**Work to complete:** Starting from the line with "Carter’s one-piece pajamas - Picture 4 of 5", please copy exactly every line to the end of the listing, but not the pictures.

**Input material:**
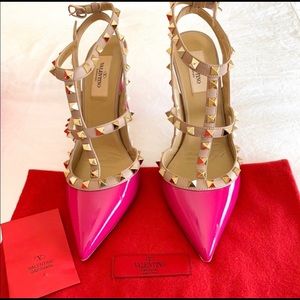 Valentino Garavani Rockstud Pink Studded Heels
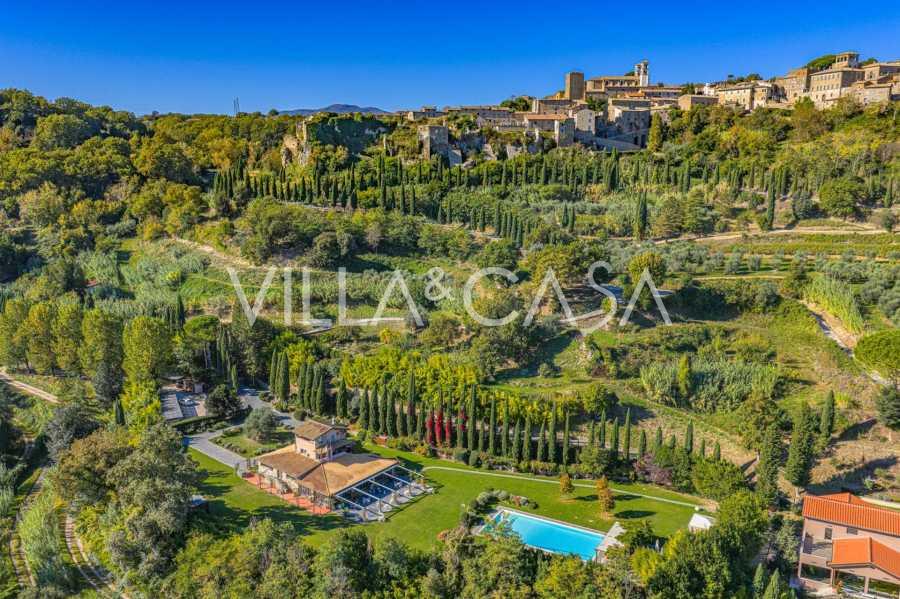 Tourisme agricole de luxe avec piscine et écurie dans la région du Latium.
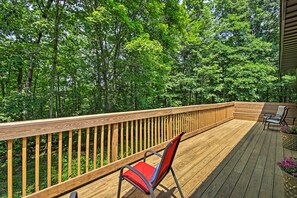 Private Deck w/ Forest Views | Step-Free Access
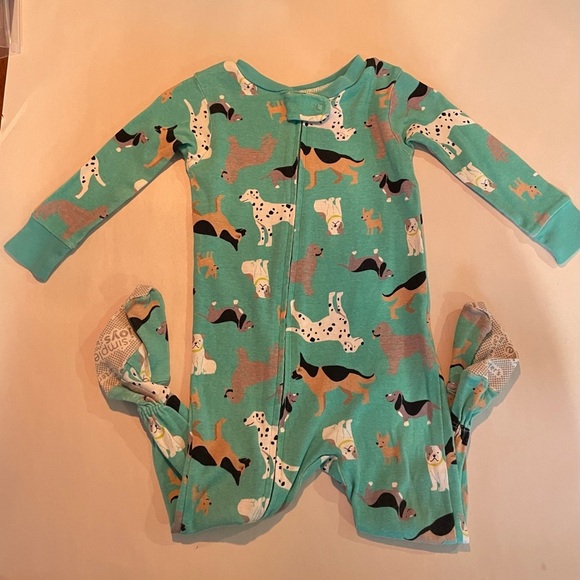 Carter’s one-piece pajamas - Picture 4 of 5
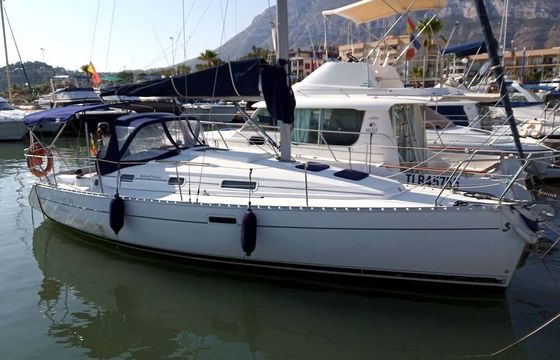 Sailboat Beneteau Oceanis 31 9.6m
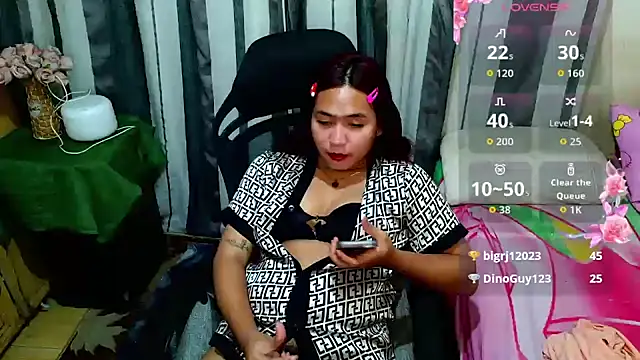 xLickme24 webcam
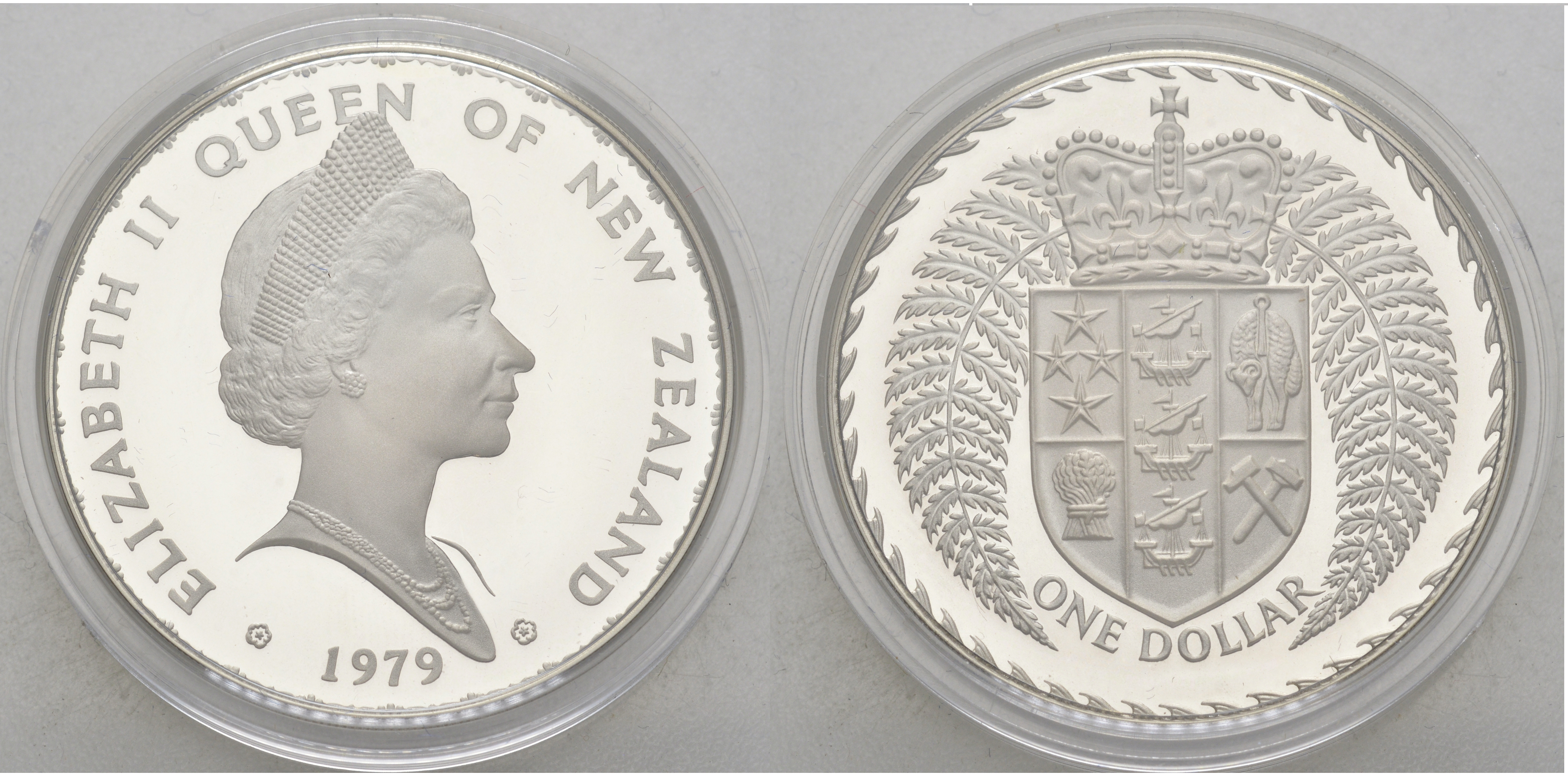 Новая Зеландия 1 доллар 1979 герб Новой Зеландии, Елизавета II (1952-2022), в оригинальной коробке KM 48а серебро PROOF 7-5-5-24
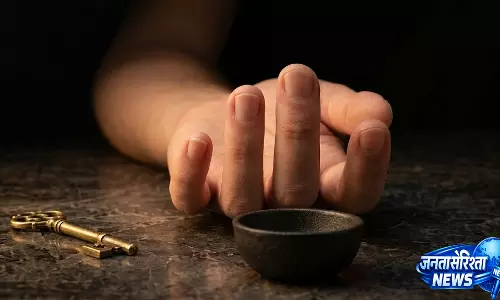 रिजल्ट के बाद गुमसुम हुई छात्रा, कुछ घंटों में उठा लिया खतरनाक कदम रिजल्ट के बाद गुमसुम हुई छात्रा, कुछ घंटों में उठा लिया खतरनाक कदम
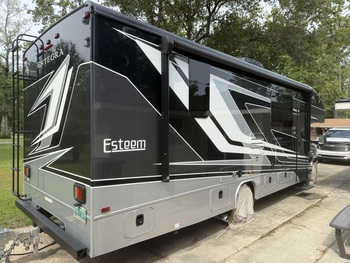 Thumbnail of RV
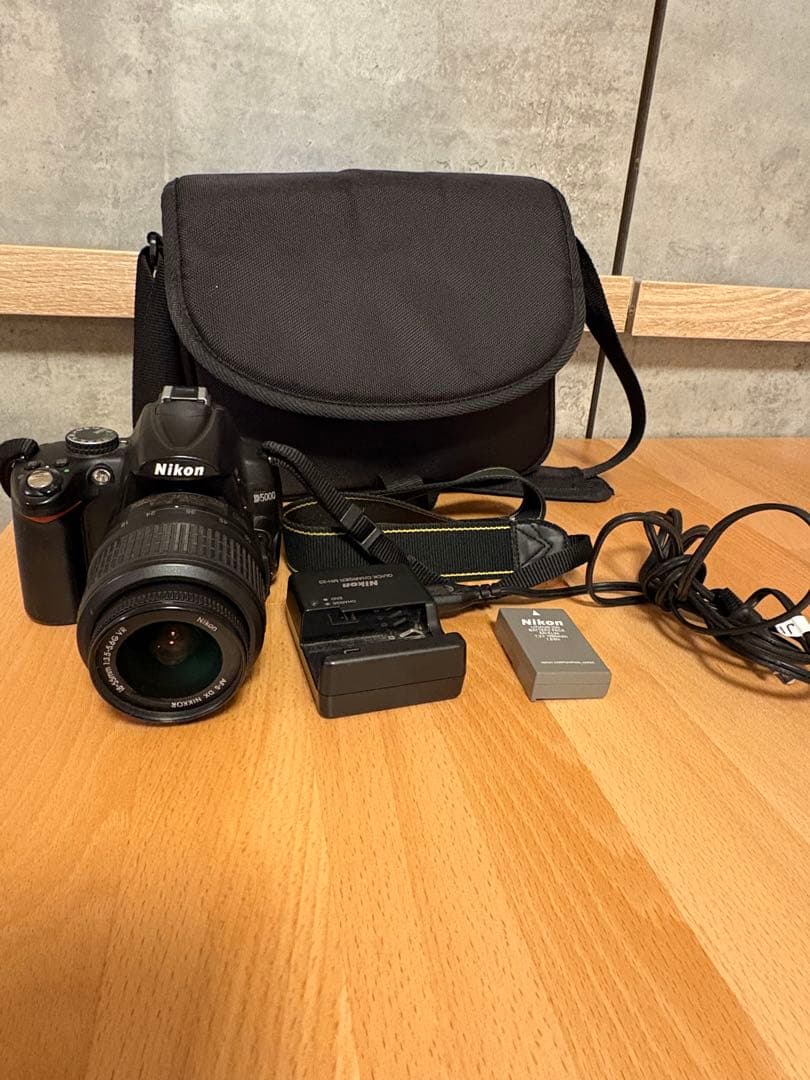 Nikon D5000 デジタル一眼レフカメラ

**Result for this task:**
 Carter’s one-piece pajamas - Picture 4 of 5
 Sailboat Beneteau Oceanis 31 9.6m
 xLickme24 webcam
 Новая Зеландия 1 доллар 1979 герб Новой Зеландии, Елизавета II (1952-2022), в оригинальной коробке KM 48а серебро PROOF 7-5-5-24
 रिजल्ट के बाद गुमसुम हुई छात्रा, कुछ घंटों में उठा लिया खतरनाक कदम रिजल्ट के बाद गुमसुम हुई छात्रा, कुछ घंटों में उठा लिया खतरनाक कदम
 Thumbnail of RV
 Nikon D5000 デジタル一眼レフカメラ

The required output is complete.